Book Image

Modular Programming with Python

By : Erik Westra
Book Image

Modular Programming with Python

By: Erik Westra

Overview of this book

Python has evolved over the years and has become the primary choice of developers in various fields. The purpose of this book is to help readers develop readable, reliable, and maintainable programs in Python. Starting with an introduction to the concept of modules and packages, this book shows how you can use these building blocks to organize a complex program into logical parts and make sure those parts are working correctly together. Using clearly written, real-world examples, this book demonstrates how you can use modular techniques to build better programs. A number of common modular programming patterns are covered, including divide-and-conquer, abstraction, encapsulation, wrappers and extensibility. You will also learn how to test your modules and packages, how to prepare your code for sharing with other people, and how to publish your modules and packages on GitHub and the Python Package Index so that other people can use them. Finally, you will learn how to use modular design techniques to be a more effective programmer.
Table of Contents (16 chapters)
Modular Programming with Python
Credits
About the Author
About the Reviewer
www.PacktPub.com
Preface
Index

Creating your first module


Now that we've seen what modules are and how they can be used, let's implement our first real Python module. While this module is simple, you may find it a useful addition to the programs you write.

Caching

In computer programming, a cache is a way of storing previously calculated results so that they can be retrieved more quickly. For example, imagine that your program had to calculate shipping costs based on three parameters:

  • The weight of the ordered item

  • The dimensions of the ordered item

  • The customer's location

Calculating the shipping cost based on the customer's location might be quite involved. For example, you may have a fixed charge for deliveries within your city but charge a premium for out-of-town orders based on how far away the customer is. You may even need to send a query to a freight company's API to see how much it will charge to ship the given item.

Since the process of calculating the shipping cost can be quite complex and time consuming, it makes sense to use a cache to store the previously calculated results. This allows you to use the previously calculated results rather than having to recalculate the shipping cost each time. To do this, you would need to structure your calc_shipping_cost() function to look something like the following:

def calc_shipping_cost(params):
    if params in cache:
        shipping_cost = cache[params]
    else:
        ...calculate the shipping cost.
        cache[params] = shipping_cost
    return shipping_cost

As you can see, we take the supplied parameters (in this case, the weight, dimensions, and the customer's location) and check whether there is already an entry in the cache for those parameters.

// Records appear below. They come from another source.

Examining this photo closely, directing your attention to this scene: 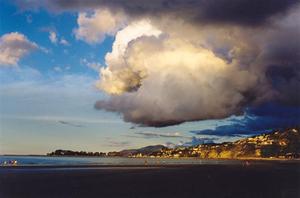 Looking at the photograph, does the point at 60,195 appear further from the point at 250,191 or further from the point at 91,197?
the point at 250,191

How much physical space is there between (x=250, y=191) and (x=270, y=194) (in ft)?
13.6

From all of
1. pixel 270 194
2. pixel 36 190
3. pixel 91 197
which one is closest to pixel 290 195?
pixel 270 194

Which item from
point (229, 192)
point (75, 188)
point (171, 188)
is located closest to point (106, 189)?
point (75, 188)

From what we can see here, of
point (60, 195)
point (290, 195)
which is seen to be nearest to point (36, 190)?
→ point (60, 195)

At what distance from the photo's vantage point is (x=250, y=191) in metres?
62.8

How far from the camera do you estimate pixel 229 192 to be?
6034cm

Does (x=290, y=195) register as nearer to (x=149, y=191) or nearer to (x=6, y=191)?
(x=149, y=191)

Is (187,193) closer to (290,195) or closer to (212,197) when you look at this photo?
(212,197)

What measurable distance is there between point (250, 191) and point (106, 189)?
1879cm

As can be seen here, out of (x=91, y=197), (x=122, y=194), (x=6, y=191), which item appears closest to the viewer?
(x=91, y=197)

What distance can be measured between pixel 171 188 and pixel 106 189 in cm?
898

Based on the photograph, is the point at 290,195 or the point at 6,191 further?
the point at 6,191

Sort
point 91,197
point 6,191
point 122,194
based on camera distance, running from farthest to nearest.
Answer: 1. point 6,191
2. point 122,194
3. point 91,197

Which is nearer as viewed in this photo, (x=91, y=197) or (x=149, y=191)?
(x=91, y=197) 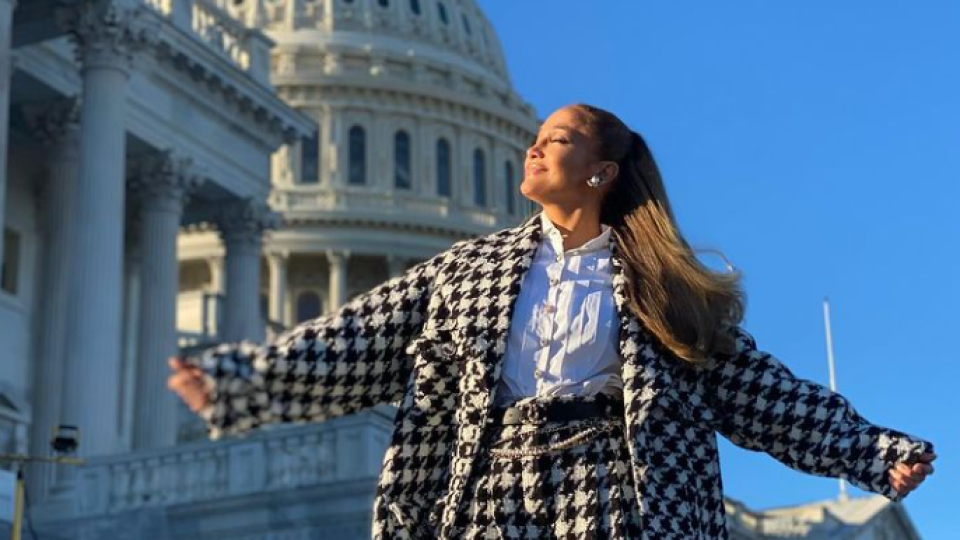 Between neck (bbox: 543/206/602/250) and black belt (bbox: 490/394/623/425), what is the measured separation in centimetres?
54

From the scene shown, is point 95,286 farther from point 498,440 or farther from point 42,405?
point 498,440

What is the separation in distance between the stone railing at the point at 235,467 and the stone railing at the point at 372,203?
177ft

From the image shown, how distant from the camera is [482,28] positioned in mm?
95125

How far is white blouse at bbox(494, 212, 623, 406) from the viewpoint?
176 inches

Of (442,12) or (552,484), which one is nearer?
(552,484)

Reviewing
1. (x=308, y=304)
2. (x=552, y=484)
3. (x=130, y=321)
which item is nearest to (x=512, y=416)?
(x=552, y=484)

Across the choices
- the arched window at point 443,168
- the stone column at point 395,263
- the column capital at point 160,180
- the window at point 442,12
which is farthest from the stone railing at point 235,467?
the window at point 442,12

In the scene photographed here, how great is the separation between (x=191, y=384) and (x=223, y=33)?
35.4m

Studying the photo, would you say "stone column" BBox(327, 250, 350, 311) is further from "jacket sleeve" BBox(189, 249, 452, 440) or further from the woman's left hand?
the woman's left hand

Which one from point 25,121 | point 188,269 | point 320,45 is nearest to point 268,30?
point 320,45

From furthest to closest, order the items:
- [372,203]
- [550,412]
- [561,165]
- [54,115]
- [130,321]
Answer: [372,203], [130,321], [54,115], [561,165], [550,412]

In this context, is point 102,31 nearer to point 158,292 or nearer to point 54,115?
point 54,115

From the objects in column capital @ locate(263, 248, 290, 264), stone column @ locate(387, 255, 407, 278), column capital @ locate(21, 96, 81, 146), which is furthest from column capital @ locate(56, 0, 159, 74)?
column capital @ locate(263, 248, 290, 264)

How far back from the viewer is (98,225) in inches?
1164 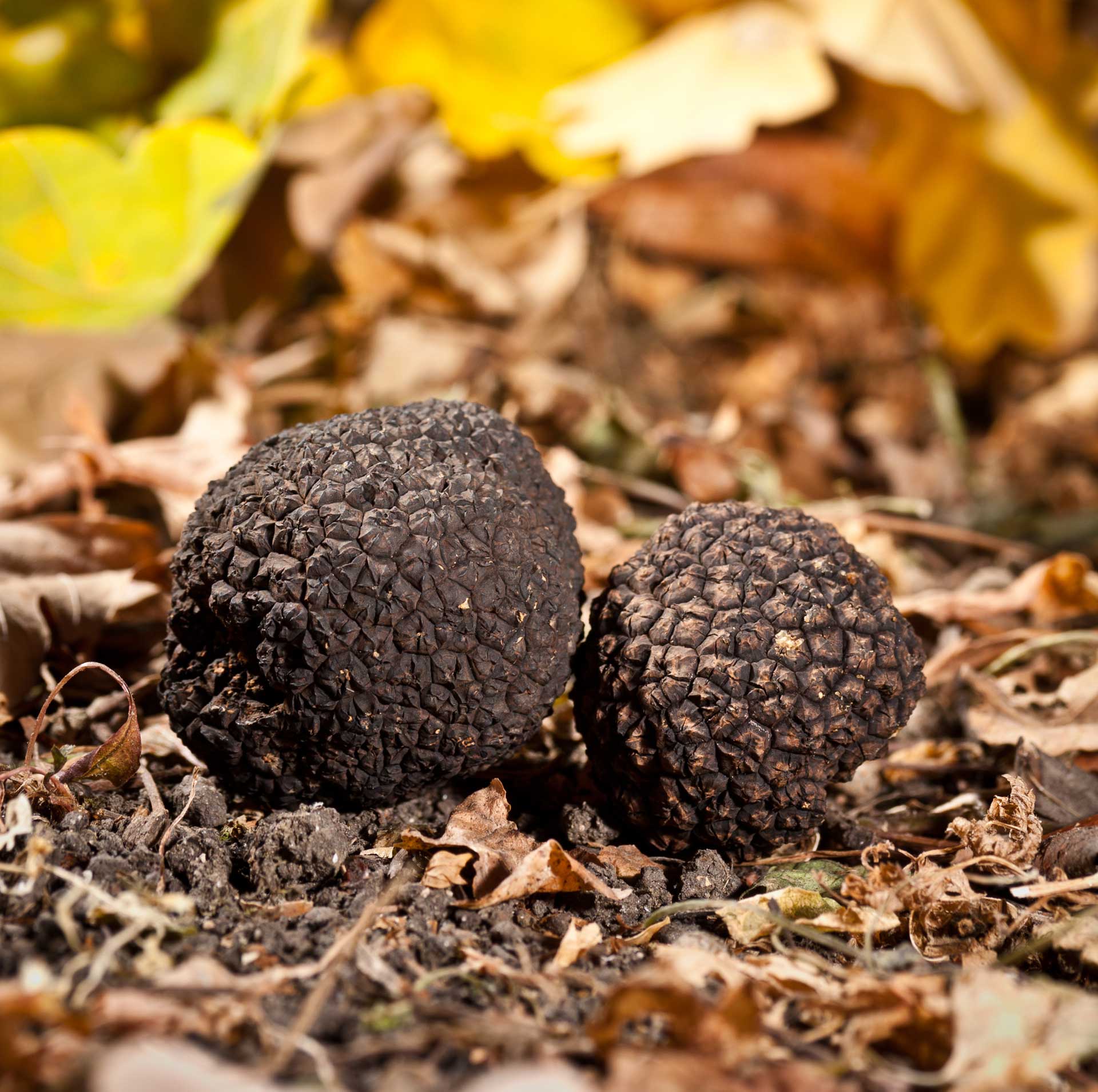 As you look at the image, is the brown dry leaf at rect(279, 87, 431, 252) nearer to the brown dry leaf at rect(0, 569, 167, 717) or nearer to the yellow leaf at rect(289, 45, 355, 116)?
the yellow leaf at rect(289, 45, 355, 116)

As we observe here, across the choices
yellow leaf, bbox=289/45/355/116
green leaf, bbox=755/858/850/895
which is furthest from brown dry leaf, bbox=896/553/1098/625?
yellow leaf, bbox=289/45/355/116

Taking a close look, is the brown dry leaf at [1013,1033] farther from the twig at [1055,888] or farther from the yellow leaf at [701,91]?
the yellow leaf at [701,91]

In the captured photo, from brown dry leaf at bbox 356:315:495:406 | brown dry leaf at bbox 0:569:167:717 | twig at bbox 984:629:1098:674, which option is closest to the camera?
brown dry leaf at bbox 0:569:167:717

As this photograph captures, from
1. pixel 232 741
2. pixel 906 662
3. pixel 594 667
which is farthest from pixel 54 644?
pixel 906 662

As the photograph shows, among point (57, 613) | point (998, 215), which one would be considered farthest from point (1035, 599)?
point (998, 215)

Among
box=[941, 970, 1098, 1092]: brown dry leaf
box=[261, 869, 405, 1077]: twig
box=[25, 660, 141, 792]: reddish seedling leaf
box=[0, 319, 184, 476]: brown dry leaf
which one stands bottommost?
box=[941, 970, 1098, 1092]: brown dry leaf

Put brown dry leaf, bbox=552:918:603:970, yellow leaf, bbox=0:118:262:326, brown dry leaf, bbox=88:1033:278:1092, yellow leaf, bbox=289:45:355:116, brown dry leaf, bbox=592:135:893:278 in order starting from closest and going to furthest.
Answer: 1. brown dry leaf, bbox=88:1033:278:1092
2. brown dry leaf, bbox=552:918:603:970
3. yellow leaf, bbox=0:118:262:326
4. yellow leaf, bbox=289:45:355:116
5. brown dry leaf, bbox=592:135:893:278

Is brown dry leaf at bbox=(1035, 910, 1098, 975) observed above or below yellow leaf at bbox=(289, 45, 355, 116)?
below

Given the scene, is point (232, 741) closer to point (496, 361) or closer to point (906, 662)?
point (906, 662) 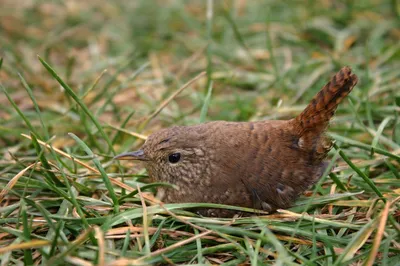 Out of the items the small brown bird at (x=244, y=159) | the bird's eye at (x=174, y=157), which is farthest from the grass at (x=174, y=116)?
the bird's eye at (x=174, y=157)

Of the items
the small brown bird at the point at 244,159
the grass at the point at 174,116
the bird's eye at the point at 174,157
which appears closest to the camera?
the grass at the point at 174,116

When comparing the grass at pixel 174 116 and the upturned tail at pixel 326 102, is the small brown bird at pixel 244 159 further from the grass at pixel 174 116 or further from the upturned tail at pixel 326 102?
the grass at pixel 174 116

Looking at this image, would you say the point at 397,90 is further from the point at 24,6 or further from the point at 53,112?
the point at 24,6

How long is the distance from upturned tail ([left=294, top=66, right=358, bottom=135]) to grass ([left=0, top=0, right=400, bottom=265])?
21 cm

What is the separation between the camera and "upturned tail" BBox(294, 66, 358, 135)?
2578 mm

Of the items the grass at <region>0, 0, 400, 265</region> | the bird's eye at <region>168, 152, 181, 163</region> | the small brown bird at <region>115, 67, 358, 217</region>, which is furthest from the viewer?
the bird's eye at <region>168, 152, 181, 163</region>

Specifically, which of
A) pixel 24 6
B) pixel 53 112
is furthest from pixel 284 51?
pixel 24 6

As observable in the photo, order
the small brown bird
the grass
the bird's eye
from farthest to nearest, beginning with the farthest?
the bird's eye < the small brown bird < the grass

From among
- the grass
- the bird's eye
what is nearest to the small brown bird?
the bird's eye

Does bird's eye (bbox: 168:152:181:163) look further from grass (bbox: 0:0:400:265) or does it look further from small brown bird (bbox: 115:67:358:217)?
grass (bbox: 0:0:400:265)

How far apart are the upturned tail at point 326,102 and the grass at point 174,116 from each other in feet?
0.70

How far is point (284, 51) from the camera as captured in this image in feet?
15.9

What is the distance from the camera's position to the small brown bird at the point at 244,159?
272 cm

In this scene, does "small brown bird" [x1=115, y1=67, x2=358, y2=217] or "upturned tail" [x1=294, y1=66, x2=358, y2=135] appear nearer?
"upturned tail" [x1=294, y1=66, x2=358, y2=135] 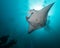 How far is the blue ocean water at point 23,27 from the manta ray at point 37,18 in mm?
36

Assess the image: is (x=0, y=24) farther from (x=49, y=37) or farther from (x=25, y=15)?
(x=49, y=37)

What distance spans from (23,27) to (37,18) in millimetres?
162

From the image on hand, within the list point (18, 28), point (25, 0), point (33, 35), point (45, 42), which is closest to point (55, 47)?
point (45, 42)

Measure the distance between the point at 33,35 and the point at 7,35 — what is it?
0.25 metres

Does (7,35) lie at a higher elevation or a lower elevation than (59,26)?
higher

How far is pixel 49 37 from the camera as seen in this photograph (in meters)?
1.87

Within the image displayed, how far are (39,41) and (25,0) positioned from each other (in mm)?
424

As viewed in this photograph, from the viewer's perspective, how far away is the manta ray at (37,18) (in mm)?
1836

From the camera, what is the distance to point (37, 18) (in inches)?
72.3

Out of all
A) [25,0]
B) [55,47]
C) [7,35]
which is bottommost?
[55,47]

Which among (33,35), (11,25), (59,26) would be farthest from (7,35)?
(59,26)

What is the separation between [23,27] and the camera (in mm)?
1854

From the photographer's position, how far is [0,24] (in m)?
1.84

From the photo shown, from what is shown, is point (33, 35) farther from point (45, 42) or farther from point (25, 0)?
point (25, 0) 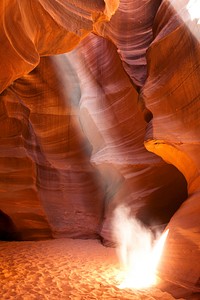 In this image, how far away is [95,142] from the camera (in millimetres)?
9477

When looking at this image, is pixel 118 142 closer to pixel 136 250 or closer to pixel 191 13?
pixel 136 250

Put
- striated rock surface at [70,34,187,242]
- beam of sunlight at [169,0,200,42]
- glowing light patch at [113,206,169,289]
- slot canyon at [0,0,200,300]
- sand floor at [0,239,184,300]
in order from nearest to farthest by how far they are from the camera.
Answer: sand floor at [0,239,184,300] → slot canyon at [0,0,200,300] → glowing light patch at [113,206,169,289] → beam of sunlight at [169,0,200,42] → striated rock surface at [70,34,187,242]

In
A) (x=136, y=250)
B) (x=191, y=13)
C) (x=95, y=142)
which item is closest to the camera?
(x=191, y=13)

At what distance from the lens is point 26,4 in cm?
466

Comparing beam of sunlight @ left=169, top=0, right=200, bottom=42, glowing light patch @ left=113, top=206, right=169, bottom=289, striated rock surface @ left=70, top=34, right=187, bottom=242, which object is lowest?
glowing light patch @ left=113, top=206, right=169, bottom=289

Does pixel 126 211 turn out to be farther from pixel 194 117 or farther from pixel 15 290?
pixel 15 290

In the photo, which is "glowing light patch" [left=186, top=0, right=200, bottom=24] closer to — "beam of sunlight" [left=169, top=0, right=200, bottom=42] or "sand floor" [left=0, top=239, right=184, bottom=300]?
"beam of sunlight" [left=169, top=0, right=200, bottom=42]

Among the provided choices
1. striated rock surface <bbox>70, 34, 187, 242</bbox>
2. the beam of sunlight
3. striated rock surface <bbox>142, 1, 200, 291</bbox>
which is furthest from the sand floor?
the beam of sunlight

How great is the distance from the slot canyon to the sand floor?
22 mm

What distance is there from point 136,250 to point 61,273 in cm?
222

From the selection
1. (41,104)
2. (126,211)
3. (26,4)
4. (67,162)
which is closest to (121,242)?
(126,211)

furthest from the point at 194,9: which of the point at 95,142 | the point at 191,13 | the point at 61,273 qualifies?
the point at 61,273

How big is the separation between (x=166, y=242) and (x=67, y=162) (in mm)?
4836

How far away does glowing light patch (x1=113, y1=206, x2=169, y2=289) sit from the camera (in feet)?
17.9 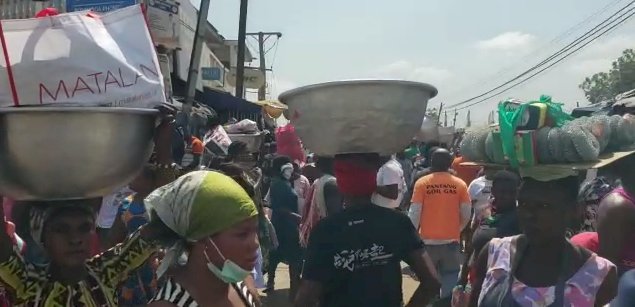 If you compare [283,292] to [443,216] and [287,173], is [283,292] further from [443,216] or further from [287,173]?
[443,216]

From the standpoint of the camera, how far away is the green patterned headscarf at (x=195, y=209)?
241 centimetres

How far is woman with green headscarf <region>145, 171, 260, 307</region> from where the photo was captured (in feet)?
7.91

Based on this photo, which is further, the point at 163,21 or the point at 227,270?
the point at 163,21

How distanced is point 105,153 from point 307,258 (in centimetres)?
136

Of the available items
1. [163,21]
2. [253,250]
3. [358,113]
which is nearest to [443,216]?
[358,113]

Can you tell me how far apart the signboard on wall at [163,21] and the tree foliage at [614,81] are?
4712 cm

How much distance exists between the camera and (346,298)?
337 centimetres

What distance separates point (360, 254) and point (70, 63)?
1.64 m

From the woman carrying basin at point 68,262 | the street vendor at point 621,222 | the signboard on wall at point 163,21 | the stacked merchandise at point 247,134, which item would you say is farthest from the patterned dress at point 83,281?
the signboard on wall at point 163,21

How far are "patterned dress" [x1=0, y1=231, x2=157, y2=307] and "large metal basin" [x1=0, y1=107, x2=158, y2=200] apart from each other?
0.34 meters

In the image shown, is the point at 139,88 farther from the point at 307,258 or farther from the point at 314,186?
the point at 314,186

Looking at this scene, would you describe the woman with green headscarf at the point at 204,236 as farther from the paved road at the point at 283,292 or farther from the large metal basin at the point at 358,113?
the paved road at the point at 283,292

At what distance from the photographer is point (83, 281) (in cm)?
276

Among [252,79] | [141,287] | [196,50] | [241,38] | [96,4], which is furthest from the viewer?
[252,79] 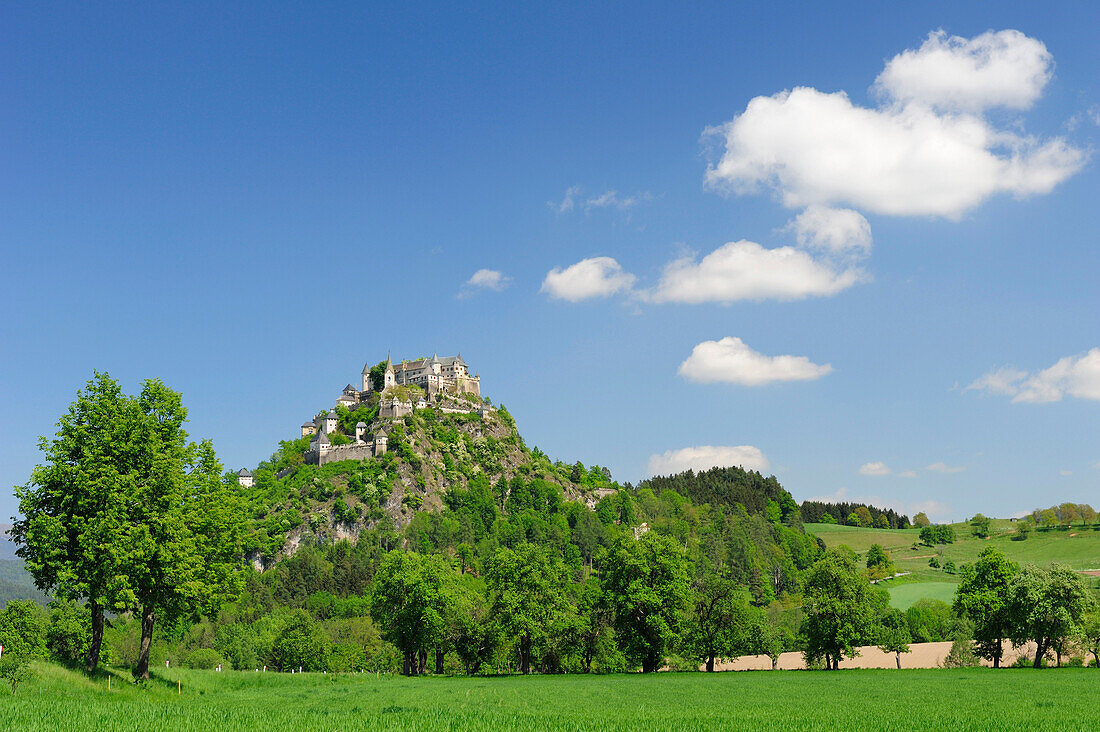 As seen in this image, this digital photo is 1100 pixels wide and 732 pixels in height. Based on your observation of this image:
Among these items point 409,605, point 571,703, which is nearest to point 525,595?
point 409,605

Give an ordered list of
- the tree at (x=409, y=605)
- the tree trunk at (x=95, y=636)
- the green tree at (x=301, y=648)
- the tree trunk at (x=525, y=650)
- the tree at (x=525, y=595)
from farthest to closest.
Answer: the green tree at (x=301, y=648), the tree trunk at (x=525, y=650), the tree at (x=525, y=595), the tree at (x=409, y=605), the tree trunk at (x=95, y=636)

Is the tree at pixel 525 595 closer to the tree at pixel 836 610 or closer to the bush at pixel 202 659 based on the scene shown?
the tree at pixel 836 610

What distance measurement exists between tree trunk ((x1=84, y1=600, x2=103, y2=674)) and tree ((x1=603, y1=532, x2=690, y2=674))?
4758 centimetres

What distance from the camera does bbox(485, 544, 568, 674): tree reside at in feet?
256

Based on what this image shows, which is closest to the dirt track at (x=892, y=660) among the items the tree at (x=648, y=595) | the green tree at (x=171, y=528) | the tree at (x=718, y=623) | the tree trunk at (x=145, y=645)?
the tree at (x=718, y=623)

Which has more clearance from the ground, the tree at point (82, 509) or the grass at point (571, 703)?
the tree at point (82, 509)

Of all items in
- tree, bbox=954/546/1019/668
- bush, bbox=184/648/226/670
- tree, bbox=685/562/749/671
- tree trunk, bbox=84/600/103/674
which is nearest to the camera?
tree trunk, bbox=84/600/103/674

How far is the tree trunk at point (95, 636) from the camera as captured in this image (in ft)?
133

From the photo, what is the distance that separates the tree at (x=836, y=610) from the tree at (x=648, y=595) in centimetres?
1383

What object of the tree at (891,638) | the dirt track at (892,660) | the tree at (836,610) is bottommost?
the dirt track at (892,660)

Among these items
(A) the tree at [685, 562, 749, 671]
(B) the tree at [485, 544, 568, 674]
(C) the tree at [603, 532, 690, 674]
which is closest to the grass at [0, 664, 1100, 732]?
(C) the tree at [603, 532, 690, 674]

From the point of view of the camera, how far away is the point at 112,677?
4019cm

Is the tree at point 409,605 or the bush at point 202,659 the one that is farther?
the bush at point 202,659

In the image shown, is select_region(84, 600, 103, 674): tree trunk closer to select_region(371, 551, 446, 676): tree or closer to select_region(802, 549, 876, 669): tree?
select_region(371, 551, 446, 676): tree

If so, we retrieve the previously-calculated shipping cost from the cache. Otherwise, we go through the possibly time-consuming process of calculating the shipping cost, storing this in the cache using the supplied parameters, and then returning the shipping cost back to the caller.

Notice how the cache variable in the preceding pseudo code looks very much like a Python dictionary—you can store entries in the dictionary based on a given key and then retrieve the entry using this key. There is, however, a crucial difference between a dictionary and a cache: a cache typically has a limit on the number of entries that it can contain, while the dictionary has no such limit. This means that a dictionary will continue to grow forever, possibly taking up all the computer's memory if the program runs for a long time, while a cache will never take too much memory, as the number of entries is limited.

Once the cache reaches its maximum size, an existing entry has to be removed each time a new entry is added so that the cache doesn't continue to grow:

While there are various ways of choosing the entry to remove, the most common way is to remove the least recently used entry, that is, the entry that hasn't been used for the longest period of time.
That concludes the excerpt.